Member of the Telangana Legislative Assembly
- Incumbent
- Assumed office 3 December 2023 – present
- Preceded by: Mahareddy Bhupal Reddy, (BRS)
- Constituency: Narayankhed

Personal details
- Born: 16 May 1962 (age 63) Narayankhed, Medak district, Andhra Pradesh (present–day Sangareddy district, Telangana), India
- Party: Indian National Congress
- Parent: Patlolla Kishta Reddy (father);

= Patlolla Sanjeeva Reddy =

Indian politician

Patlolla Sanjeeva Kista Reddy (born 1962) is an Indian politician from Telangana. He is serving as MLA from Narayankhed Constituency, having been elected in the 2023 Telangana Legislative Assembly election from the Indian National Congress representing the Narayankhed Assembly constituency.

==Early life==
Sanjeev Reddy hails from Narayankhed, Sangareddy, and was born there. His father, Patlolla Kista Reddy, served as a member of the Telangana Legislative Assembly.

KCR meets Sanjeev Reddy before election due to his reach to people and elected as MLA in 2023.

==Career==
Patlolla Sanjeev Reddy is a doctor and served the people of Naraynakhed at low cost. He entered politics at a young age supporting his father during campaigning. In 2008 he directly entered into electoral politics by contesting as Naraynakhed ZPTC and won from congress. In 2013 he was again elected as a Mandal Parishad President early in his political career. In 2015, following the death of his father, Reddy contested the MLA seat from the Narayankhed constituency in 2016 but lost to Mahareddy Bhupal Reddy.

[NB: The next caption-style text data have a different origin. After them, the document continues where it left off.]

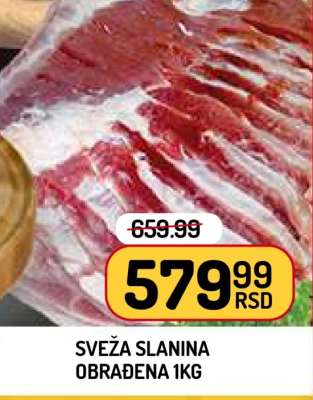 SVEŽA SLANINA OBRAĐENA 1kg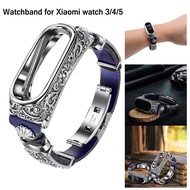 Leather watchband watch Strap For Xiaomi Mi Band 345 Watchband Smart Sport Band Replacement Bracelet For Xiaomi watch 345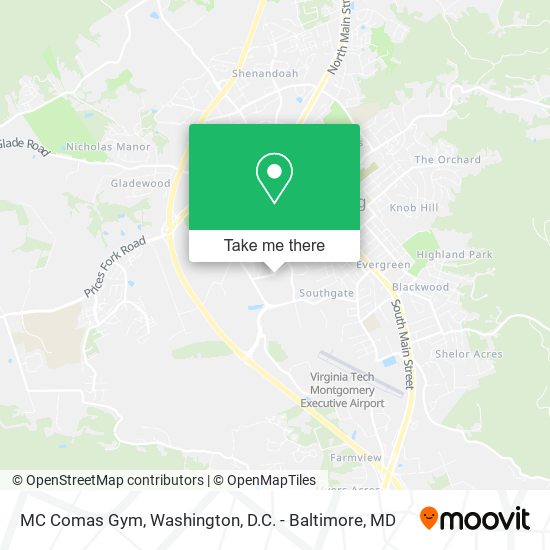 Mapa de MC Comas Gym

In the 2018 Telangana state general election, he joined the Bharatiya Janata Party, leaving the INC and got nearly 34% votes to BJP which is he his in the list of top 10 highest secured vote's to BJP candidates in entire state. However, he was defeated by Mahareddy Bhupal Reddy once again. In the 2019 lok sabha General election, Reddy rejoined the INC and did several party program under the leadership of TPCC president. However 2023 assembly general election contested the Assembly seat again from INC. This time, he emerged victorious against the sitting MLA Bhupal Reddy. Currently, he is serving as a member of the legislative assembly from the Narayankhed constituency.